# BPS Lockup



## Oleduckhunter (Jun 29, 2007)

I have two BPS shotguns-one is a 12gua the other is 20. The 12 is an older model with the magazine cut-off. The 12 occasionally locks up after firing a round (more frequently when shooting 3" ammo), the 20 has never locked-up.
One of my friends has experienced the same thing with his BPS 12gua.
Anybody else have this trouble? If so, what did you do about it?
Several gunsmiths have looked at it-no answers.


----------



## NDTerminator (Aug 20, 2003)

Been shooting various BPS's for about 24 years and never experienced this...

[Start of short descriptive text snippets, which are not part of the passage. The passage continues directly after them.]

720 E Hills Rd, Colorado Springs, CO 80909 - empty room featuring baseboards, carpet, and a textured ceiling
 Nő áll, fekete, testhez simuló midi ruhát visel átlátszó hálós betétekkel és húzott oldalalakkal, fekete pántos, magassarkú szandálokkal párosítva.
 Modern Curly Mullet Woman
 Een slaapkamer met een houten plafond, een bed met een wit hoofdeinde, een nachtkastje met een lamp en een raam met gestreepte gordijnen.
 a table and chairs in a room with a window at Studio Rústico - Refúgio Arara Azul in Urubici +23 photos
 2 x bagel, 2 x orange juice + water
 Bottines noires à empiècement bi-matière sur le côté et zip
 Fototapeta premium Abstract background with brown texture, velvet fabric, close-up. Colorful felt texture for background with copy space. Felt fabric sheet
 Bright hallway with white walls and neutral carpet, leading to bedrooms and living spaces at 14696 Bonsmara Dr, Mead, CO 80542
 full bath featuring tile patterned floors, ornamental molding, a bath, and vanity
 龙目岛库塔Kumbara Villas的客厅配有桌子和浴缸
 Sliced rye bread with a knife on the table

Maybe the chamber is rough and needs to be polished? That would not be characteristic of a Browning firearm, but I suppose anything is possible.
That's what I would look at first...


----------



## Oleduckhunter (Jun 29, 2007)

That was the first thing I thought of-or possibly a plastic build up just ahead of the chamber-no luck.
Here's what I think--there must be some sort of a 'disconnector' that locks the bolt closed until the gun is fired, then releases so you can work the slide and eject the spent shell. I think that 'disconnector' is failing to release on occassion.
thanks for your interest in my problem. I'm glad you are not experiencing the same thing. The BPS is really a fine gun, with a silky smooth action. It was my favorite duck gun, but I have since switched to a Rem 11-87.
I'd really like to spend my last duck hunting years with the pump, however.


----------



## NDTerminator (Aug 20, 2003)

In that case,If it were me I would ship it to Browning and have them give it the once over. The have great customer service...


----------



## driggy (Apr 26, 2005)

I have a friend that experienced it. Best we could tell is maybe the chamber is rusted a little, since it is not chromed. Take a chamber brush and give it a good cleaning. Also I've only noticed it in older BPS's. Is your older or new?


----------



## Gohon (Feb 14, 2005)

I think you're on the right track with the trigger link disconnect. If there was a problem with the shell and bore it would do it all the time. Next time it happens, press your ear to the action and then apply forward pressure to the forearm. If you hear a faint click you'll know the disconnect just released set. If I'm not mistaken all these parts are in the trigger mechanism so maybe a simple removal of the trigger assemble and a good wash would solve the problem. Other than that as advised already by others, sending it to Browning would be the better choice.


----------



## Oleduckhunter (Jun 29, 2007)

Great advice. Thanks for the tip


----------



## joespiek (Nov 25, 2003)

I'd say like others have is the chamber needs to be polished.
if i look into mine I can tell its getting a bit rusty in there (19 year old gun)
sometimes some of the higher energy shells, or older dirty found on the pickup floor shells will stick and hang up.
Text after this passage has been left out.